**INPUT RECORDS:**
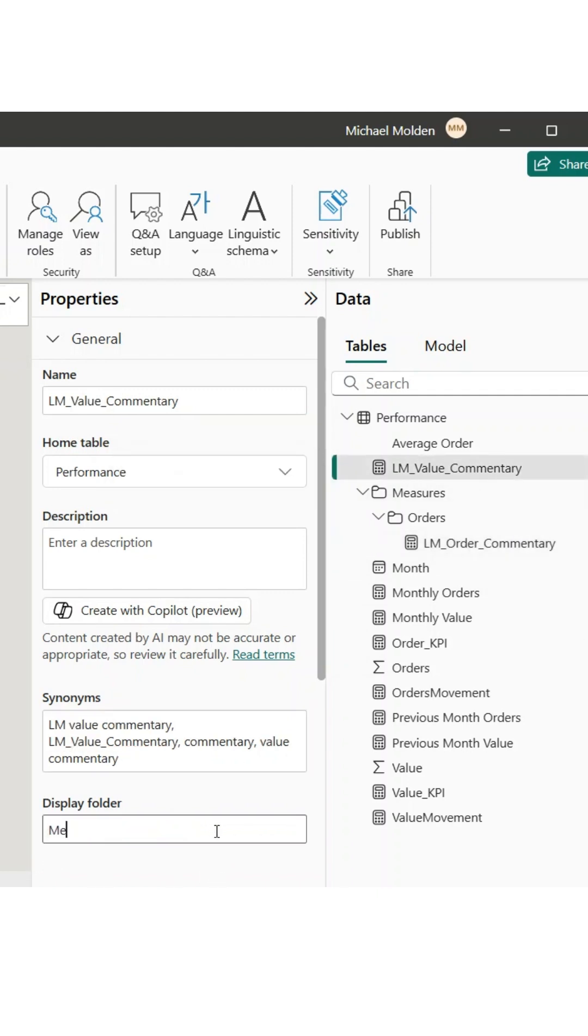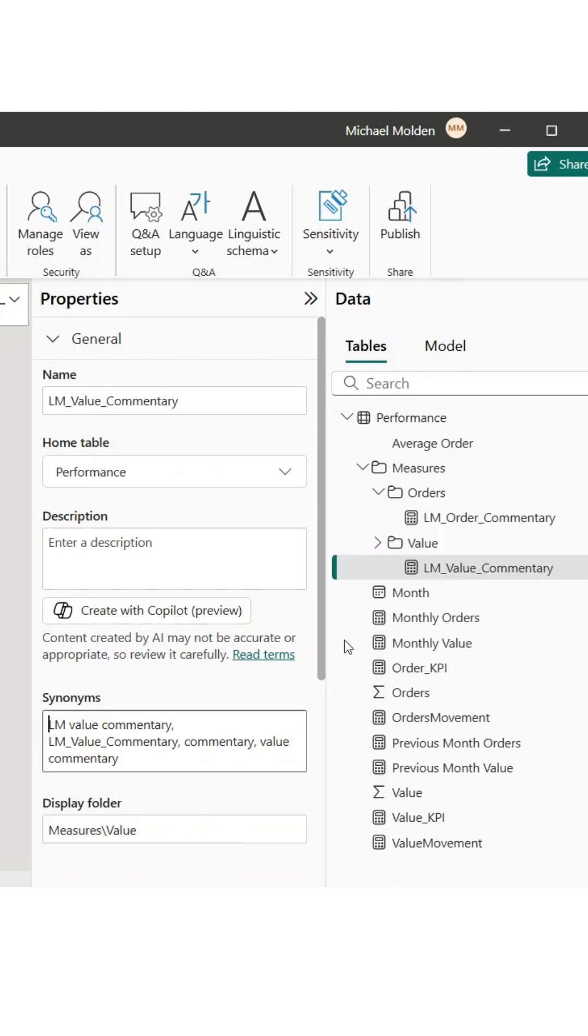Remember to stay consistent. To make your report easier to navigate, use consistent folder names across all your tables, especially if you're building large models.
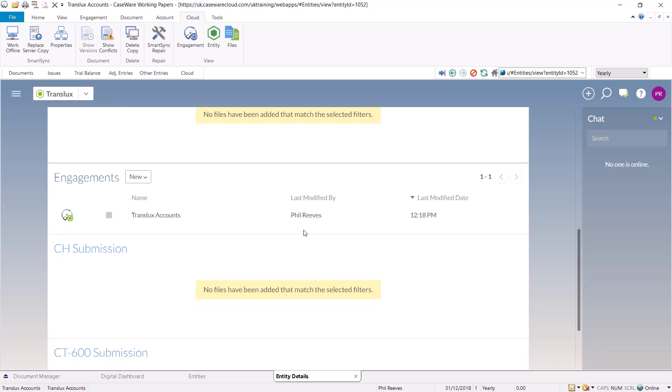Within the Caseware file, you can see in the bottom left hand corner that the file is now online. There is now therefore a network copy and a cloud copy.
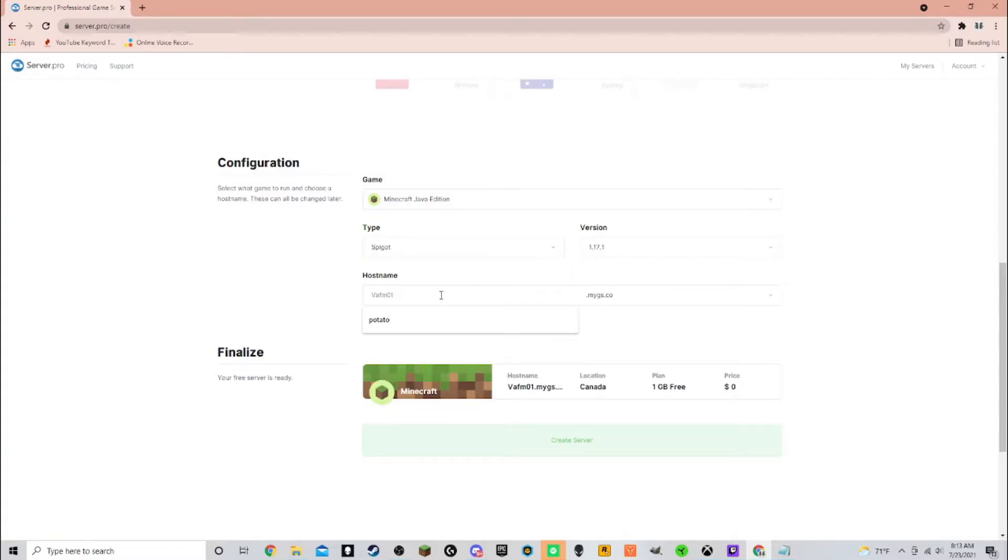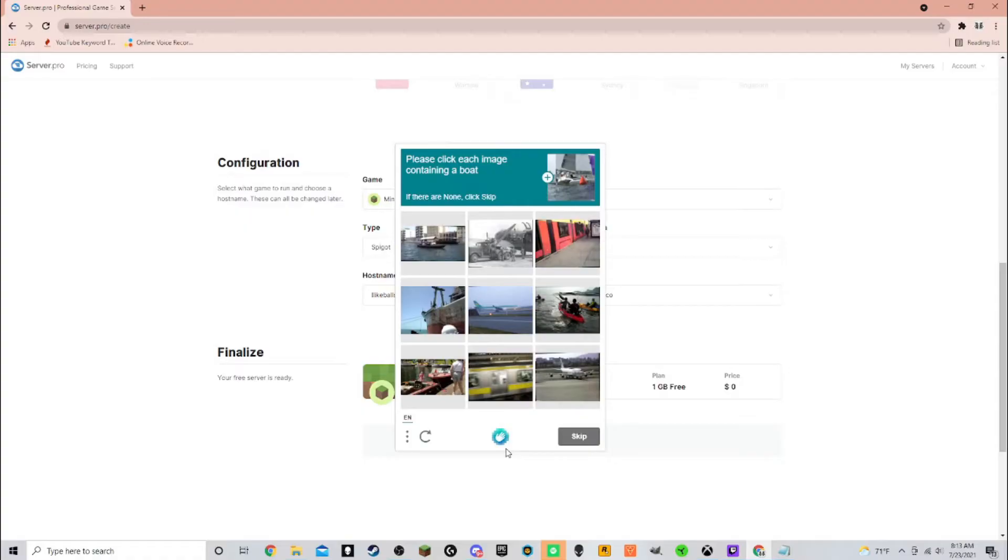Now you're going to select the configuration. Switch vanilla to paper, switch the version to whatever you want, and set the host name to whatever you want.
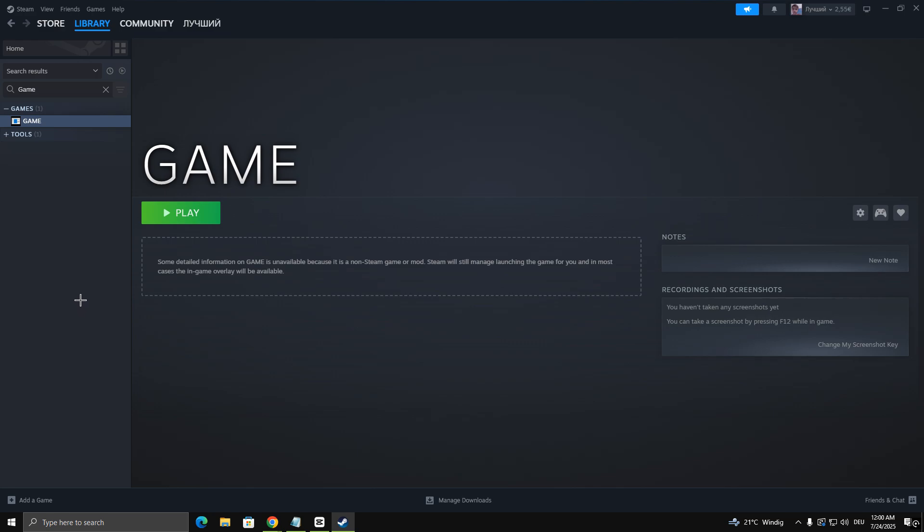After that, go to your Steam library and select the game you added. You should see a small controller icon next to the Play button. If the icon is missing, your controller isn't being detected properly. Try unplugging and plugging it back in.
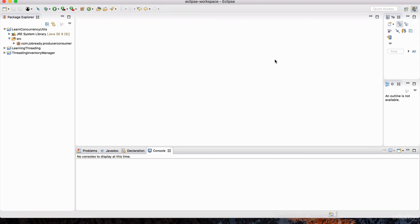The pool will take care of whatever work needs to get done. You don't get involved in saying this thread is going to work on this task and this thread is going to work on that task. You just submit your work to the pool. It's a way of separating the work that needs to get done from the orchestration of how that work needs to get done.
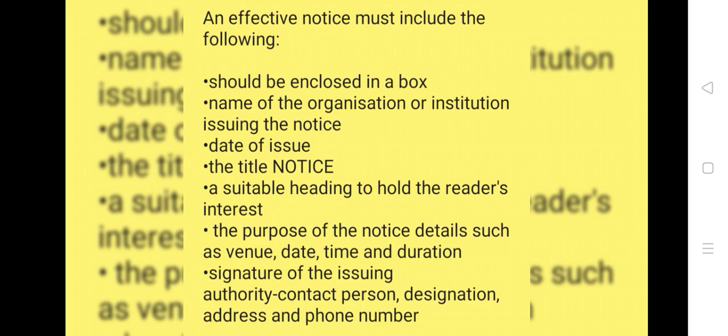Details such as venue, date, time and duration. Signature of issuing authority. Contact person's designation, address and phone number.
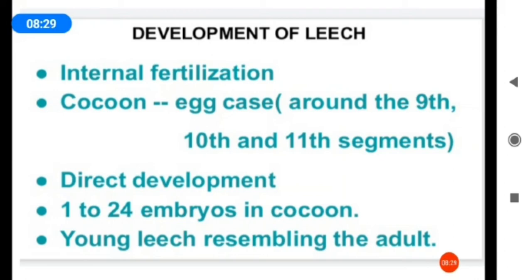The development of the leech refers to its life cycle. Development is direct. Internal fertilization takes place in the leech. Fertilization is of two types — internal and external. Internal fertilization means the eggs are fertilized inside the body.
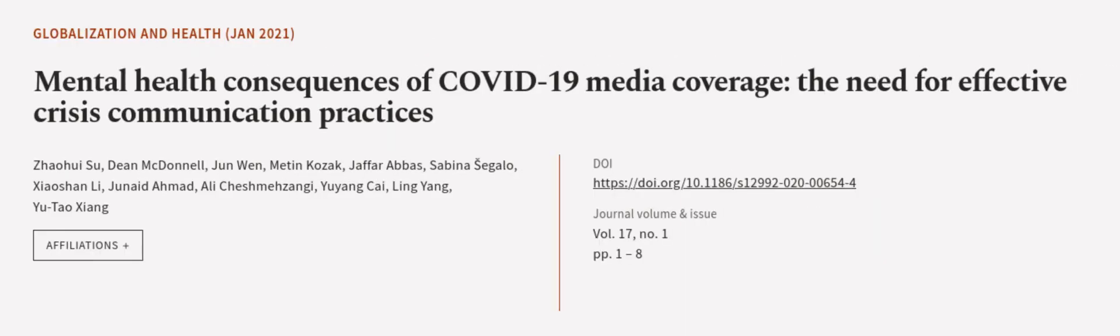This article was authored by Zhao Huesu, Dean McDonnell, Zhang Wen, and others. We are article.tv, links in the description below.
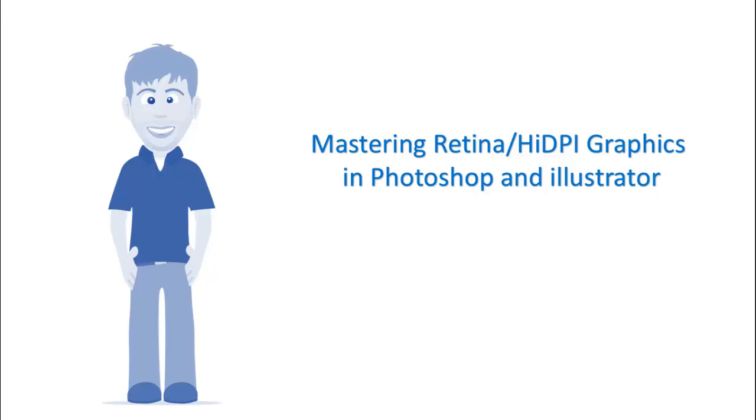Welcome to Mastering Retina and High DPI Graphics in Photoshop and Illustrator, where you'll learn how to create Retina and High DPI graphics to make your logos, icons, and images look their best on Retina and high-resolution devices using two of the most popular graphic design tools in the industry: Photoshop and Illustrator.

**ACTIVITY:** Please repeat every record above exactly, but leave out the pictures.

**RESULT OF THIS TASK:**
Remember to stay consistent. To make your report easier to navigate, use consistent folder names across all your tables, especially if you're building large models.
Within the Caseware file, you can see in the bottom left hand corner that the file is now online. There is now therefore a network copy and a cloud copy.
Now you're going to select the configuration. Switch vanilla to paper, switch the version to whatever you want, and set the host name to whatever you want.
After that, go to your Steam library and select the game you added. You should see a small controller icon next to the Play button. If the icon is missing, your controller isn't being detected properly. Try unplugging and plugging it back in.
The pool will take care of whatever work needs to get done. You don't get involved in saying this thread is going to work on this task and this thread is going to work on that task. You just submit your work to the pool. It's a way of separating the work that needs to get done from the orchestration of how that work needs to get done.
Details such as venue, date, time and duration. Signature of issuing authority. Contact person's designation, address and phone number.
The development of the leech refers to its life cycle. Development is direct. Internal fertilization takes place in the leech. Fertilization is of two types — internal and external. Internal fertilization means the eggs are fertilized inside the body.
This article was authored by Zhao Huesu, Dean McDonnell, Zhang Wen, and others. We are article.tv, links in the description below.
Welcome to Mastering Retina and High DPI Graphics in Photoshop and Illustrator, where you'll learn how to create Retina and High DPI graphics to make your logos, icons, and images look their best on Retina and high-resolution devices using two of the most popular graphic design tools in the industry: Photoshop and Illustrator.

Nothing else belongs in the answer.